Try drifting flies. Be sure to use florocarbon lead


----------



## WoodyMG

meatfishhunter said:


> Try
> 
> Try drifting flies. Be sure to use florocarbon lead


What types and colors?


----------



## rftech

Green caddis, black stone, egg flies - yellow, green, red, orange, yellow with red dot, orange with yellow dot, melon color, combo colors, egg sucking leech. I would start with black stone, then move to the caddis, then various egg patterns.


----------



## meatfishhunter

WoodyMG said:


> What types and colors?


Can't go wrong with black stone flies. You might have to try a few different leader lengths to see what works best for you.


----------



## wilsonm

We checked Berrien Springs Ladder today. There were about 15 coho and a steelhead in the upper wells of the ladder. Most were pretty bright. Not many people fishing.


----------



## jpmarko

Are you aware that the area immediately below the dam is not as fishable from shore as it once was a mere four or so years ago? The current beneath the turbines by the fish ladder flow downstream but also at an angle away from shore. It wasn't like that before. There used to be a strong current flowing straight downstream from the turbines by the ladder. The turbines are now run differently and the main flow goes downstream but somewhat away from shore and to the right side of the island. Makes for poor drifts when casting from shore and less fishable shoreline. The current is often very slow and fish are harder to cast to. If you have a boat it doesn't matter since you can park right on top of the current. 

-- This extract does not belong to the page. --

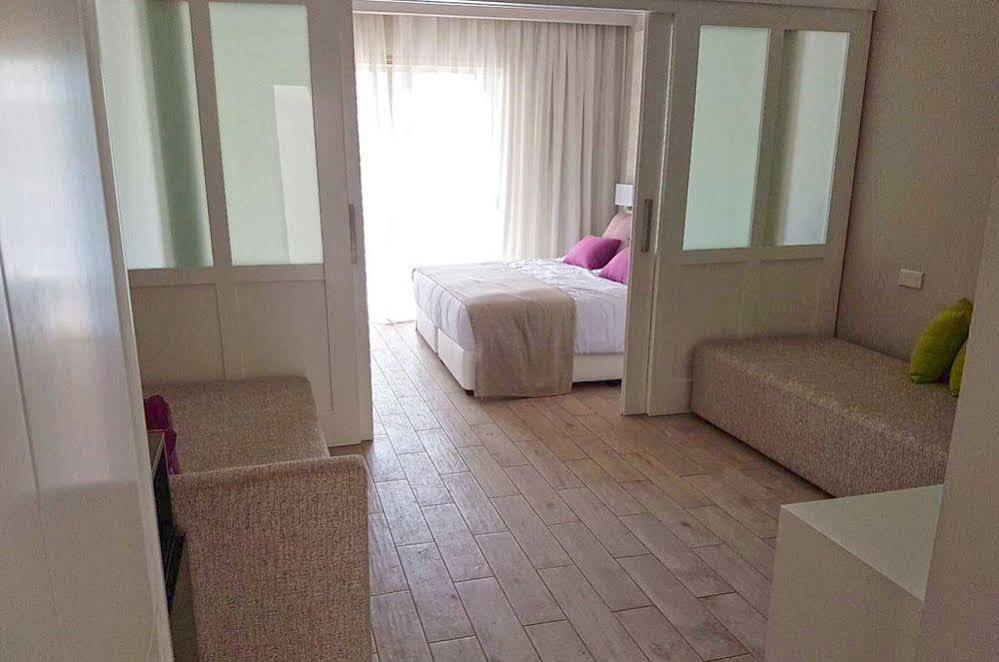 Ramada Hotel & Suites By Wyndham Ajía Nápa Kültér fotó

It did not used to be this way. I have had other anglers make comments about it to. If there is a way to fix this by adjusting the turbines, it would provide better opportunity from shore. I'm not sure how likely that is though.


----------



## WoodyMG

jpmarko said:


> Are you aware that the area immediately below the dam is not as fishable from shore as it once was a mere four or so years ago? The current beneath the turbines by the fish ladder flow downstream but also at an angle away from shore. It wasn't like that before. There used to be a strong current flowing straight downstream from the turbines by the ladder. The turbines are now run differently and the main flow goes downstream but somewhat away from shore and to the right side of the island. Makes for poor drifts when casting from shore and less fishable shoreline. The current is often very slow and fish are harder to cast to. If you have a boat it doesn't matter since you can park right on top of the current.
> 
> It did not used to be this way. I have had other anglers make comments about it to. If there is a way to fix this by adjusting the turbines, it would provide better opportunity from shore. I'm not sure how likely that is though.


Or you could buy a boat.


----------



## jpmarko

WoodyMG said:


> Or you could buy a boat.


I have a boat. That's not the point. Shore anglers have less opportunity than they used to.


----------



## danthebuilder

I'd be all for a law where you can't fish 100 yards from a dam/fish ladder.


----------



## wilsonm

jpmarko said:


> Are you aware that the area immediately below the dam is not as fishable from shore as it once was a mere four or so years ago? The current beneath the turbines by the fish ladder flow downstream but also at an angle away from shore. It wasn't like that before. There used to be a strong current flowing straight downstream from the turbines by the ladder. The turbines are now run differently and the main flow goes downstream but somewhat away from shore and to the right side of the island. Makes for poor drifts when casting from shore and less fishable shoreline. The current is often very slow and fish are harder to cast to. If you have a boat it doesn't matter since you can park right on top of the current.
> 
> It did not used to be this way. I have had other anglers make comments about it to. If there is a way to fix this by adjusting the turbines, it would provide better opportunity from shore. I'm not sure how likely that is though.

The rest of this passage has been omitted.